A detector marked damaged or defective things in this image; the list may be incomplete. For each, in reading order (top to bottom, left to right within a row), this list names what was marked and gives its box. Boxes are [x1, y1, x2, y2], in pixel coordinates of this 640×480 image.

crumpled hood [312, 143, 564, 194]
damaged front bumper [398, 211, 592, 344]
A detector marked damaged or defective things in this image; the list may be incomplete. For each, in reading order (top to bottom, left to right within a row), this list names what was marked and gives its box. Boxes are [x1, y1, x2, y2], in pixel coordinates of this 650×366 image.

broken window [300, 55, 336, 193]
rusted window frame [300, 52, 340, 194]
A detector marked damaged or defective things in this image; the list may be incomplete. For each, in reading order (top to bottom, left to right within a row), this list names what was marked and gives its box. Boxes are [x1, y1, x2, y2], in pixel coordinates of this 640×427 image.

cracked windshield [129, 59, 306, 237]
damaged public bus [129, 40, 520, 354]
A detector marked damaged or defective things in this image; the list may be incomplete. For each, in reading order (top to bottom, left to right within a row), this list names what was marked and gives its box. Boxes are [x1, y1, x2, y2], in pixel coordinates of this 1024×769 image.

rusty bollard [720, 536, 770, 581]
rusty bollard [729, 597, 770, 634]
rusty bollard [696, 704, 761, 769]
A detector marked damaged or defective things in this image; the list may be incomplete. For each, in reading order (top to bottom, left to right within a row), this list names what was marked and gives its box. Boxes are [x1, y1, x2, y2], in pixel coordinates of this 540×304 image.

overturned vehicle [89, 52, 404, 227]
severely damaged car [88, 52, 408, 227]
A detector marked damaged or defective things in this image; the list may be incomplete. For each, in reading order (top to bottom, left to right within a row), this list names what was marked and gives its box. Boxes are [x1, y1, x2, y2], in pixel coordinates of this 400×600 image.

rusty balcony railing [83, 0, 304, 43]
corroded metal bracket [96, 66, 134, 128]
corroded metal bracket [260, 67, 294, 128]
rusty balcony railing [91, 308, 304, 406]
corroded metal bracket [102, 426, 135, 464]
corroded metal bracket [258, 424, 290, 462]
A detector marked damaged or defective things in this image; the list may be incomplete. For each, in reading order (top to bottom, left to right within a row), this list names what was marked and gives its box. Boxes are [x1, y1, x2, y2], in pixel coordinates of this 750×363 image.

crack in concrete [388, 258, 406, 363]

========================================================================

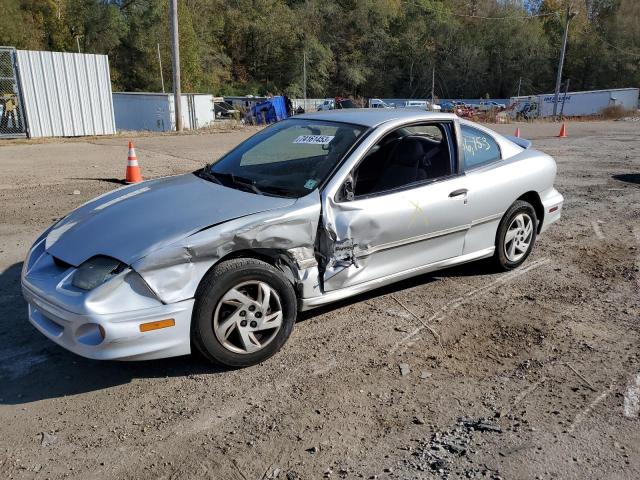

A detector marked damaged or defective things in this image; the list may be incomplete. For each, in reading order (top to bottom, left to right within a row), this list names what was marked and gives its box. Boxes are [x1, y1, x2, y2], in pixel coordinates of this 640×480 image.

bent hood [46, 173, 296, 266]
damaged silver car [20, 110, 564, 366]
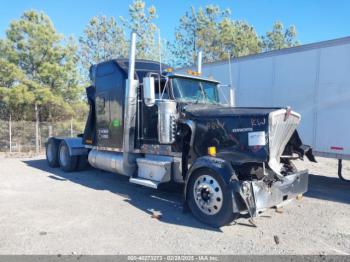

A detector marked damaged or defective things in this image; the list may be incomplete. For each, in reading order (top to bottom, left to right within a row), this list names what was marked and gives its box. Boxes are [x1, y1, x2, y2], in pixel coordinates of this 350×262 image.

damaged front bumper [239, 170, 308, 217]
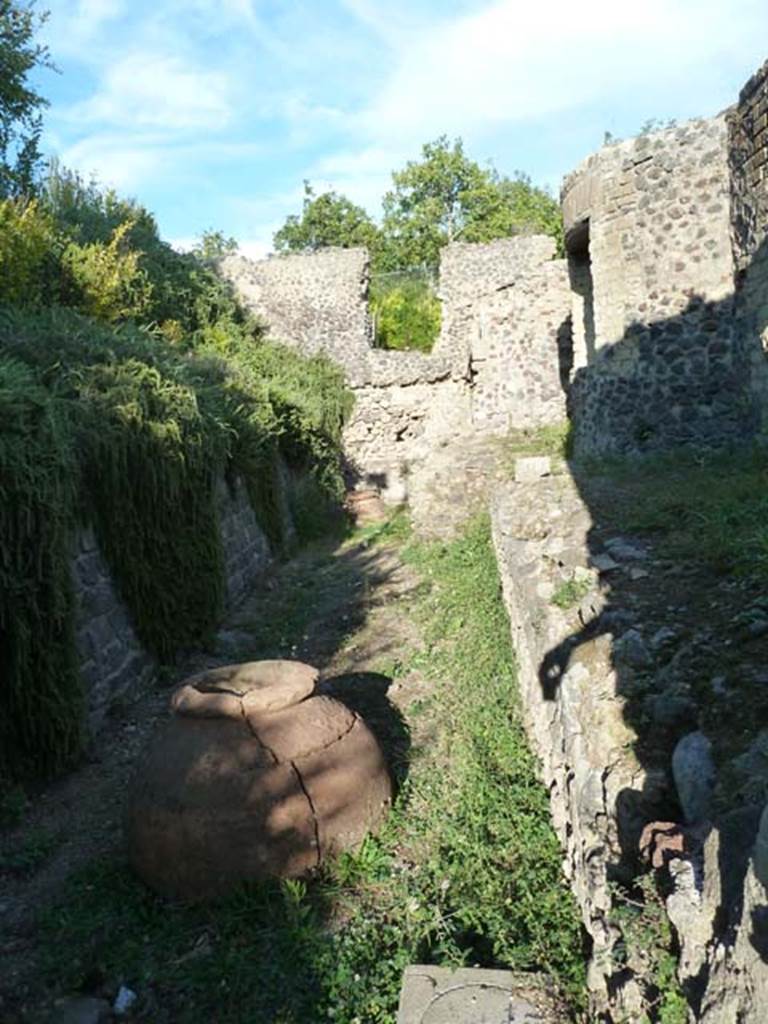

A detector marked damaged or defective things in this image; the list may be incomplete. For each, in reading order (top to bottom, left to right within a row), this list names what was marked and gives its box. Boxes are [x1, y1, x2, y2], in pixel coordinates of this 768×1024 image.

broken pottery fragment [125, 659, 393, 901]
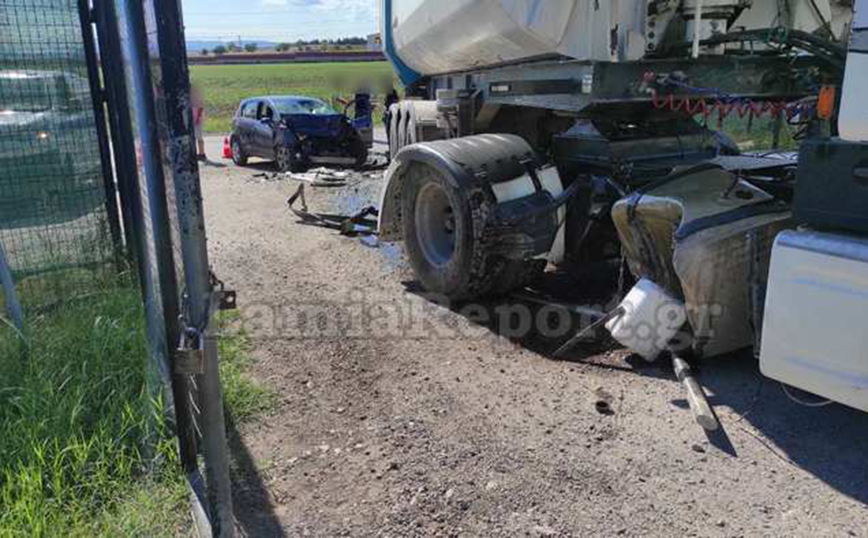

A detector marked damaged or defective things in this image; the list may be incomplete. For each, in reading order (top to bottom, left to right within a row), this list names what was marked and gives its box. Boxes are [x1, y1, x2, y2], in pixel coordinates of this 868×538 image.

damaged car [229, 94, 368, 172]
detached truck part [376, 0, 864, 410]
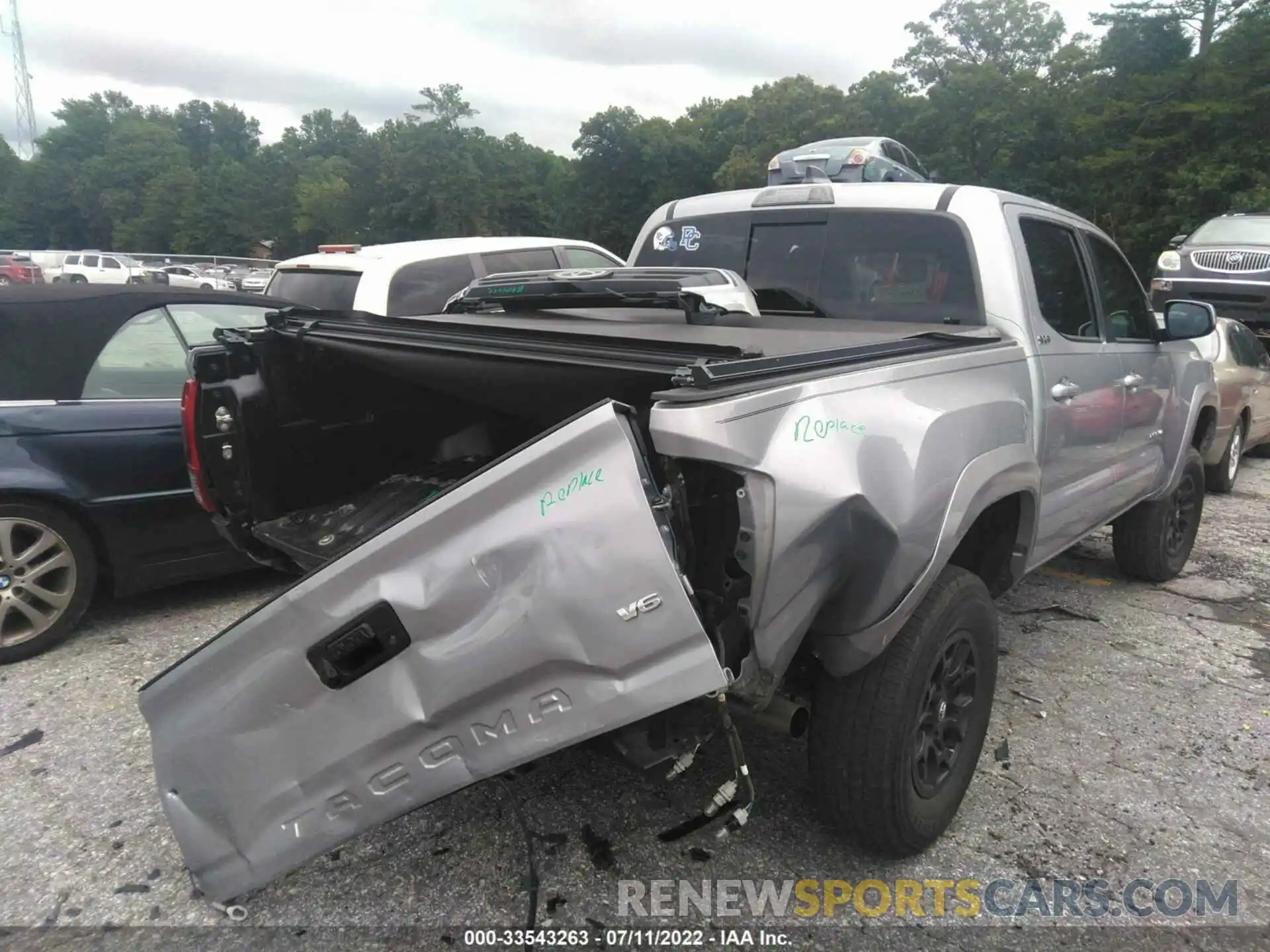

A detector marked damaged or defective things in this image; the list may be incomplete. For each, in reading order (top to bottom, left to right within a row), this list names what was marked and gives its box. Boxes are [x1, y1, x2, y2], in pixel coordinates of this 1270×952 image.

========================================================================

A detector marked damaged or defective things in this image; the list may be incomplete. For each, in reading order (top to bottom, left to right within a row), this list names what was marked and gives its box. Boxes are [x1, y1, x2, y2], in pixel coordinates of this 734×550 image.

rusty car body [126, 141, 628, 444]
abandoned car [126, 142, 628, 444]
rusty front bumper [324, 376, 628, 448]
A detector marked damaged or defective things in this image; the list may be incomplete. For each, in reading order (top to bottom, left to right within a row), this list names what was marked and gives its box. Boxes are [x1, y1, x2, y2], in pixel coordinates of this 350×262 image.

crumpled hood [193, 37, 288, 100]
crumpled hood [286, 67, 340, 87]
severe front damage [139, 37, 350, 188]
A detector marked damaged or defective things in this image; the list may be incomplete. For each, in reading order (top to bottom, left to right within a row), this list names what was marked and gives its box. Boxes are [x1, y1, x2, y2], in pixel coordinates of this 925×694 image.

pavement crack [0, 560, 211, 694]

========================================================================

◆ **What is required**
Keep to the lines above from the line with "this 868×538 image." to the line with "this 1270×952 image.", and set down exactly those, inclusive, with nothing else and every picture left out.

◆ **Result for this task**
A detector marked damaged or defective things in this image; the list may be incomplete. For each, in reading order (top to bottom, left to right within a row), this list names what was marked and gives its box. Boxes are [x1, y1, x2, y2], in pixel coordinates of this 868×538 image.

damaged car [229, 94, 368, 172]
detached truck part [376, 0, 864, 410]

A detector marked damaged or defective things in this image; the list may be incomplete. For each, in reading order (top to bottom, left to right within a row), this list names what was marked and gives its box. Boxes are [x1, y1, x2, y2], in pixel coordinates of this 1270×952 image.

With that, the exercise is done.